Third Part: Together with the Holy Ghost in the glory of God the Father. Amen.

The Gloria is prayed immediately after the Kyrie. The priest is standing at the middle of the altar as he does so. The Gloria is a joyous prayer. For this reason, it is said only on certain days, like Sundays and joyous feasts. It is omitted in Masses for the dead and during Lent.

The Gloria gets its name from the first word of the prayer when it is said in Latin. The word gloria or glory means “great praise and honor.” The prayer gives praise and honor to the Blessed Trinity. You already know one prayer offering glory to the Blessed Trinity, the prayer that begins with the words, “Glory be to the Father.”

The Introduction to the Gloria

Words the angels sang at the birth of Our Lord make up the introduction to this prayer: Glory to God in the highest. And on earth peace to men of good will. The angels sang their Gloria because of the wonderful work Our Lord did. He gave glory to God when He made up to God for the sins of men. He obtained peace for men when He procured pardon for their sins and the gift of grace. Our Lord continues to do this in the Holy Sacrifice of the Mass.

You know what your Catchism says about sanctifying grace. It gives our souls a new life. We share in the life of God Himself. Because of the life of grace in us, we have great peace. This comes from being children of God, with the right to heaven.

You also know that to get God’s grace we must be persons of good will. The angels sang, “Peace on earth to men of good will.” Who are men of good Will? We can answer that question very easily. We are men of good will when we are good Catholics, when we love God, our neighbor, and ourselves in the way the Catholic Church teaches. Jesus, the Son of God, teaches us through the Catholic Church.

The Gloria is made up of an introduction and three parts. The first part is addressed to God the Father, the second part to God the Son, and the third part to God the Holy Ghost. We have already examined the introduction, the words the angels sang at the birth of Our Lord.

The First Part: To God The Father

The first part of the Gloria uses four different words to offer honor to God the Father. The prayer says: We praise Thee. We bless Thee. We adore Thee. We glorify Thee. When we make this part of the prayer with the priest, we are expressing our desire to give God the honor due to Him.

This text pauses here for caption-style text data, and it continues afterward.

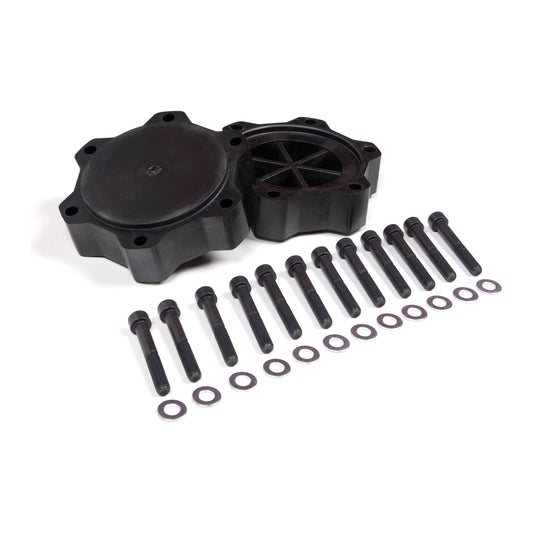 ZONE OFFROAD |  Service Kit: CV Spacer GM C2621   I ZONC7602 - CV spacers and hardware for GM trucks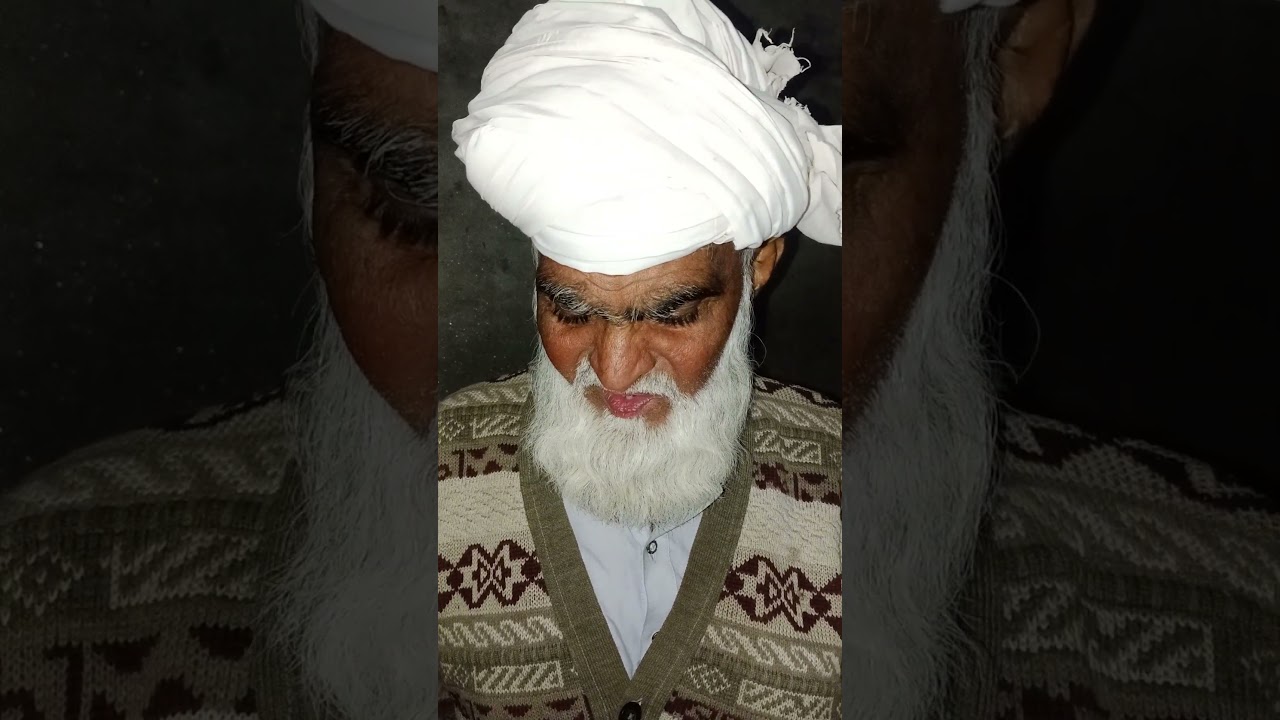 peer Syed waris shah Sofia Kalam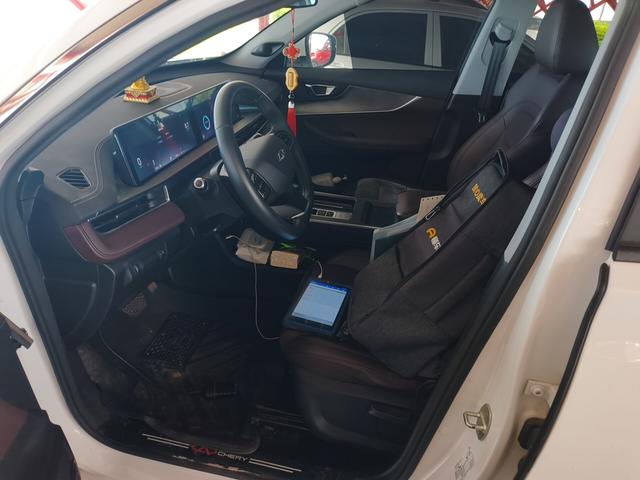 Chery Tiggo 7 2024 thumb 5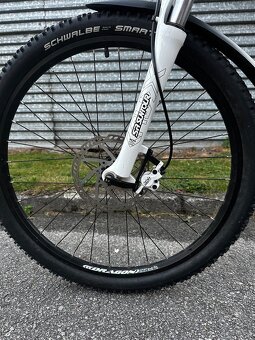 Sundance dámské/dívčí kolo - 6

Next, this first part of the prayer says: We give thanks for Thy great glory. O Lord God, heavenly King, God the Father almighty. Here we are thanking God for His own greatness. We know a little about God’s greatness from the world about us. The Church also teaches us about His greatness. Some of the teachings of the Church are in our Catechism, in the lesson called “God and His Perfections.”

The Second Part: To God The Son

The second part of the Gloria is addressed to God the Son. It begins with the words, “O Lord Jesus Christ, the only-begotten Son, and ends with the line, Thou alone, O Jesus Christ, art most high. In this part of the prayer we praise Our Lord, and we again pray for mercy.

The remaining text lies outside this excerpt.